## Required action
What is needed is a verbatim copy of the data, minus the pictures.

## Source information
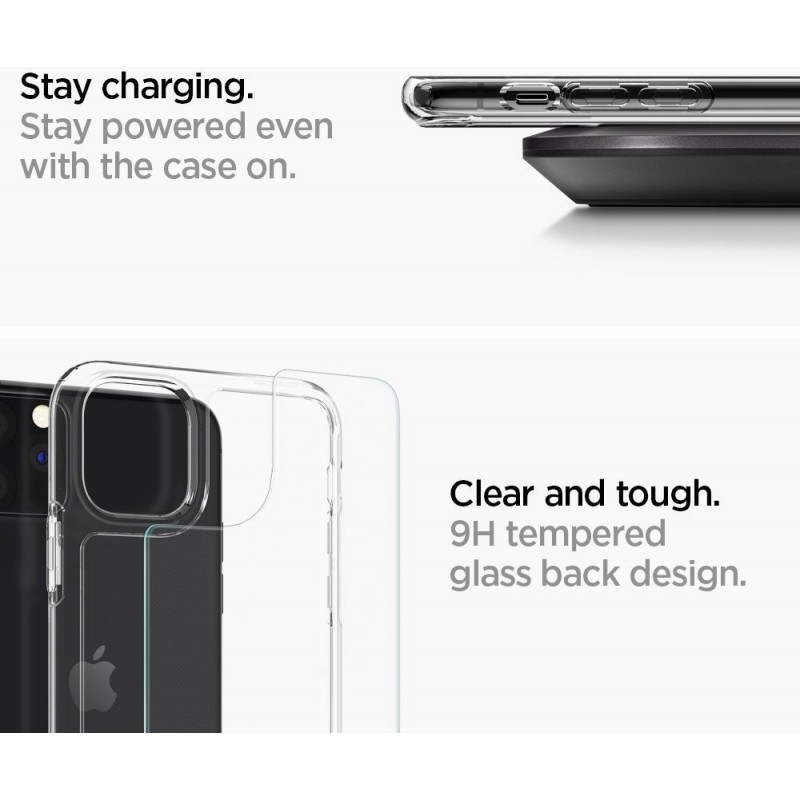 SPIGEN Cyprus,  Spigen Quartz Hybrid Apple iPhone 11 Pro Max Crystal Clear,  Mobile Phones & Cases, Phones & Wearables, SPIGEN, 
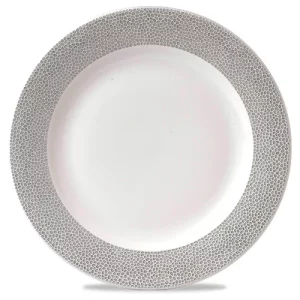 Churchill Isla Spinwash Shale Grey Profile Wide Rim Plate 30.5cm/12"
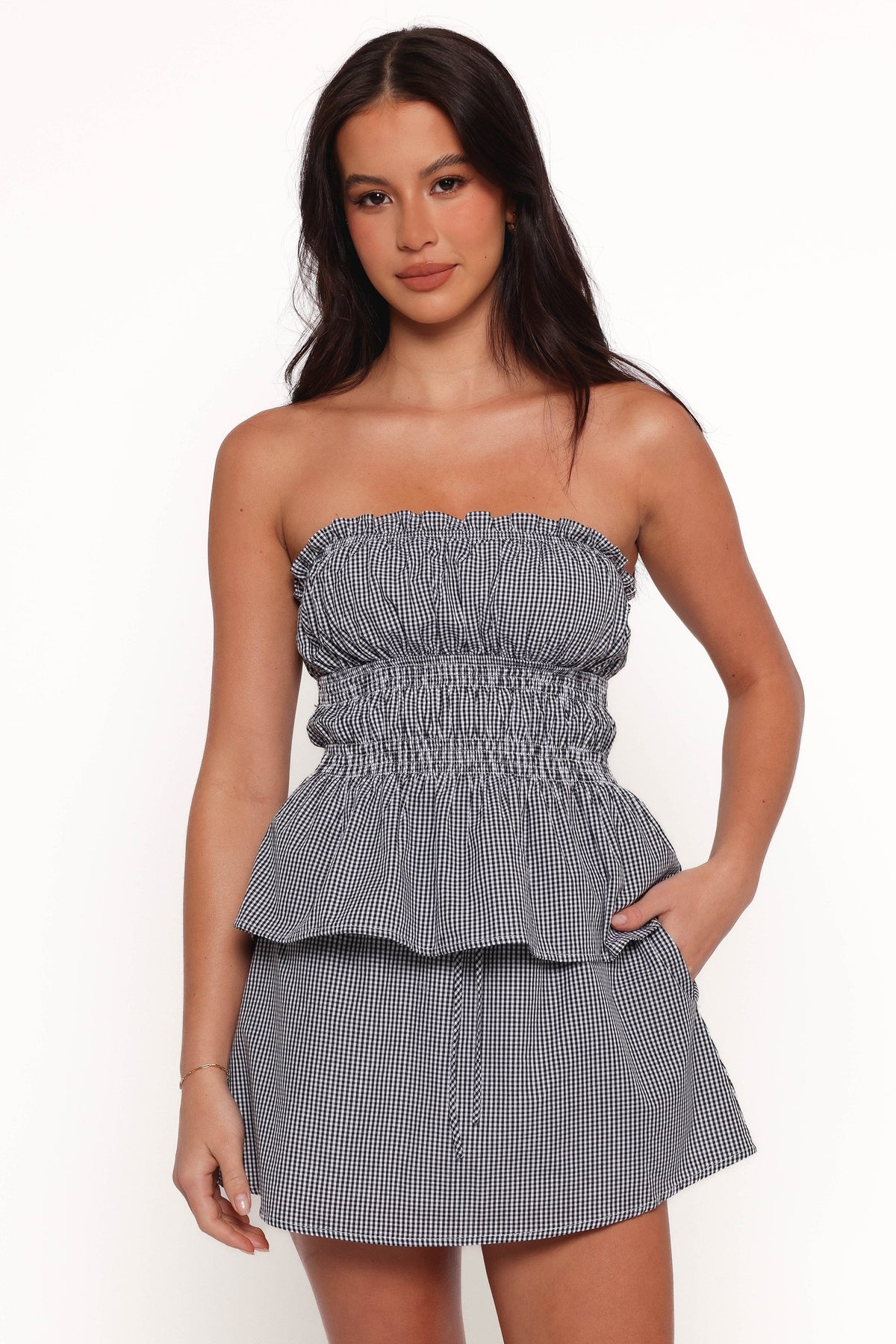 Luna Skirt Set in Black White Gingham – view 5 of 11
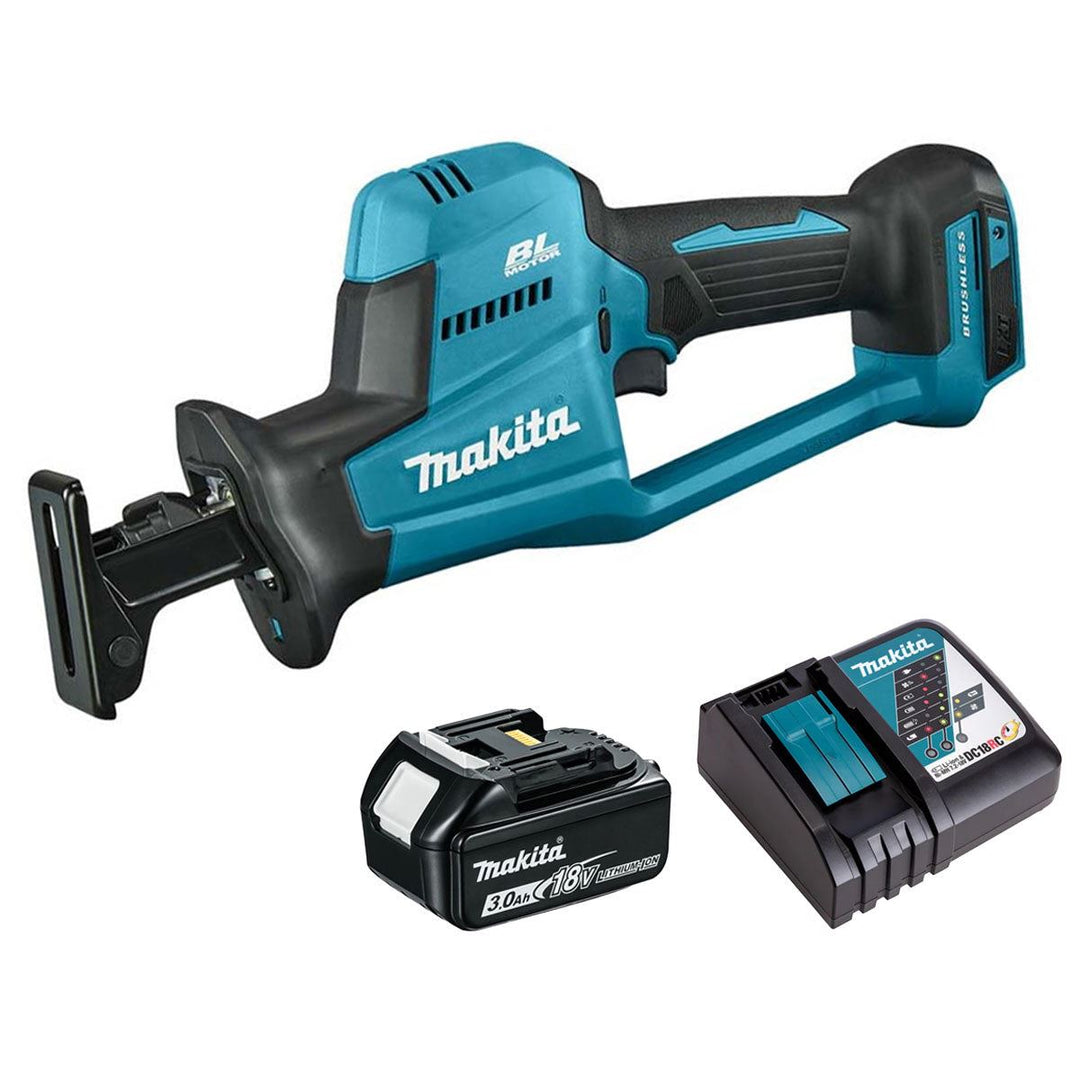 Makita DJR189Z 18V LXT Brushless Reciprocating Saw with 1 x 3.0Ah Battery & Charger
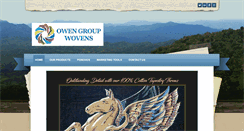 Desktop Screenshot of owengroupwovens.com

## Answer for this exercise
 SPIGEN Cyprus,  Spigen Quartz Hybrid Apple iPhone 11 Pro Max Crystal Clear,  Mobile Phones & Cases, Phones & Wearables, SPIGEN, 
 Churchill Isla Spinwash Shale Grey Profile Wide Rim Plate 30.5cm/12"
 Luna Skirt Set in Black White Gingham – view 5 of 11
 Makita DJR189Z 18V LXT Brushless Reciprocating Saw with 1 x 3.0Ah Battery & Charger
 Desktop Screenshot of owengroupwovens.com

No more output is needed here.